Our Parasha this week provides us an outstanding answer. In Mishpatim, Exodus 21:1-24:18, we find the first set of laws in the Torah. These laws guide us in our personal, religious and communal lives. In the midst of criminal legislation and religious laws we are told to provide justice for the foreigner, the widow, and the orphan. As Jews we are commanded to care for those who have no voice in our society – those who have no power to advocate for themselves.
To answer the Jew who is spiritual but not religious, I point to our Parasha this week. The just society of which our Torah speaks is our obligation. It is also the Jewish path to spirituality. Our relationship with God is evident not only in our prayer and our study. We activate our relationship with God when we create the society that God and our tradition envision.

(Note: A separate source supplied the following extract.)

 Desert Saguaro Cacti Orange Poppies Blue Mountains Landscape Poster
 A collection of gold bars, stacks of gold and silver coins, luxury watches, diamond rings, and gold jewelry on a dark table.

These ancient words have provided a spiritual path for Jews throughout our history. On a recent visit to Israel an archeologist shared with me a recent discovery dated to King David’s time (approximately 1,000 BCE). How exciting to read the words written on a clay shard found on the floor of ancient living room: “You shall…worship the Lord…Plead for the infant, the poor and the widow…Protect the poor and the slave, support the stranger.” The words of our Torah portion echo on that ancient shard. Even in the days of our ancestors, worshipping the Lord and caring for the powerless were a challenge posed for every day life.
God is present in our work for social justice. God is present in our work for the foreigner, the widow, the orphan, the refuge from Darfur, those who suffer in the mines of the Congo. Our work with Jewish World Watch is spiritual work.
Our Parasha this week teaches us that there are many paths to spirituality. The foreigner, the widow, the orphan, those in Darfur and in Congo are depending upon us to be both religious and spiritual. We are religious Jews – we are spiritual Jews – when we seek justice.